/---

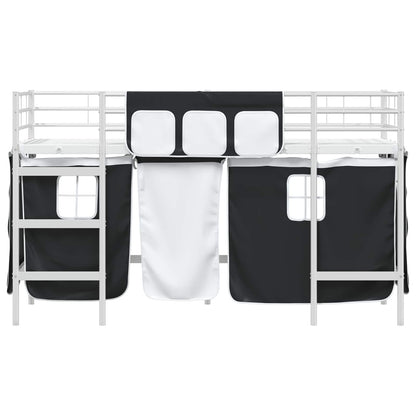 Loftbedframe Voor Kinderen Met Gordijnen 100 x 190 cm Wit en zwart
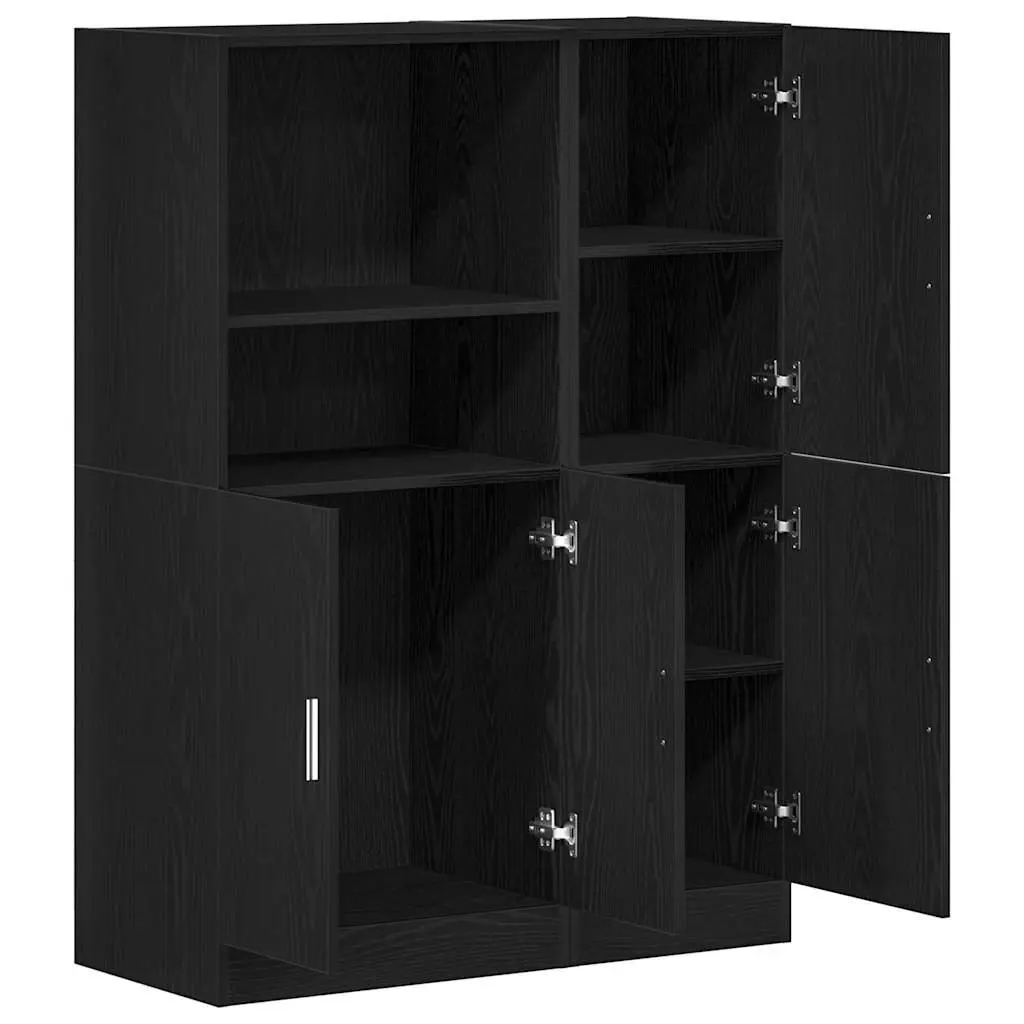 2 Piece Kitchen Cabinet Set Black Engineered Wood Wall Mounted Storage Shelves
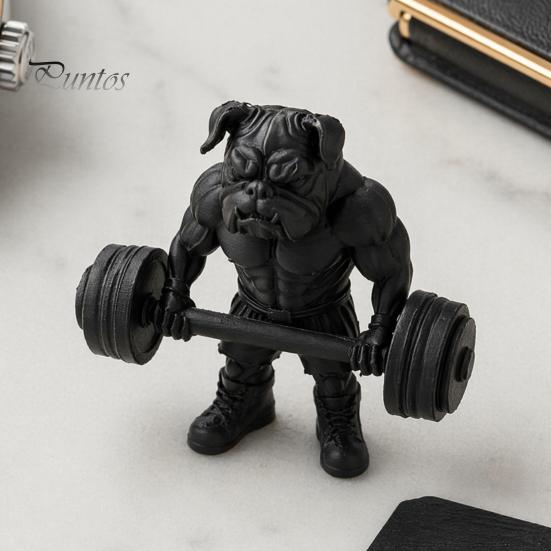 Small Bulldog Statue 3D Printed Fitness Figurine, Modern Muscular Barbell Dog Office Ornament Statue, Black Sculpture for Home Desk Decor Decoration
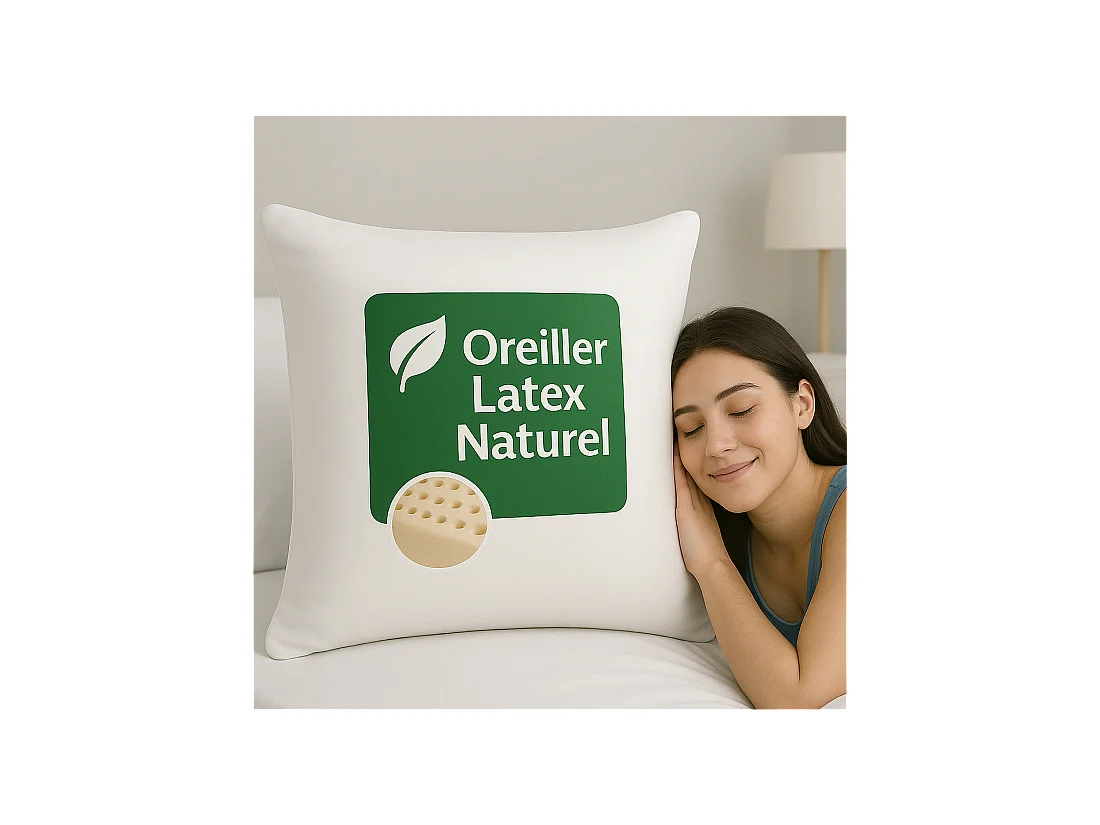 Oreiller 60x60 confort latex naturel souple et moelleux oreiller en mousse de latex garantie à vie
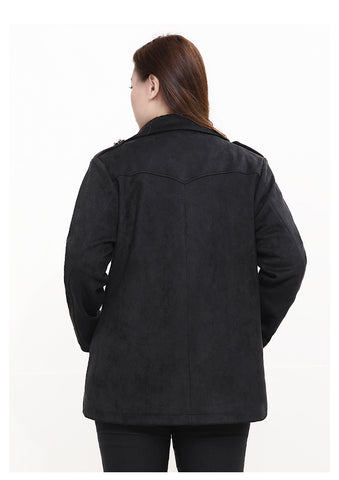 TUHAO 2019 Plus Size 10XL 9XL 8XL Women's Suede Jacket Autumn Winter Long Sleeve Female Black Office Lady Elegant Jackets WM15
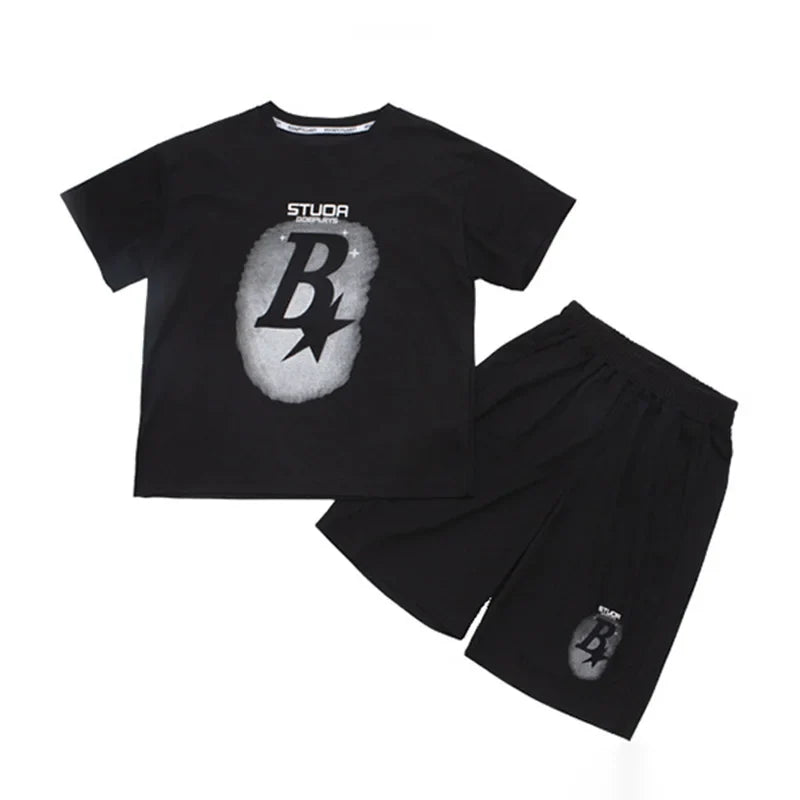 New Summer Teenager Boys Clothing Set Cotton Letter Short Sleeve T-shirt Shorts 2Pcs For 4-14 Years Kids Tracksuits Child Cloth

\---

The problem | Each entry should be transcribed exactly as given, with pictures omitted.

Answer to the exercise |
 Loftbedframe Voor Kinderen Met Gordijnen 100 x 190 cm Wit en zwart
 2 Piece Kitchen Cabinet Set Black Engineered Wood Wall Mounted Storage Shelves
 Small Bulldog Statue 3D Printed Fitness Figurine, Modern Muscular Barbell Dog Office Ornament Statue, Black Sculpture for Home Desk Decor Decoration
 Oreiller 60x60 confort latex naturel souple et moelleux oreiller en mousse de latex garantie à vie
 TUHAO 2019 Plus Size 10XL 9XL 8XL Women's Suede Jacket Autumn Winter Long Sleeve Female Black Office Lady Elegant Jackets WM15
 New Summer Teenager Boys Clothing Set Cotton Letter Short Sleeve T-shirt Shorts 2Pcs For 4-14 Years Kids Tracksuits Child Cloth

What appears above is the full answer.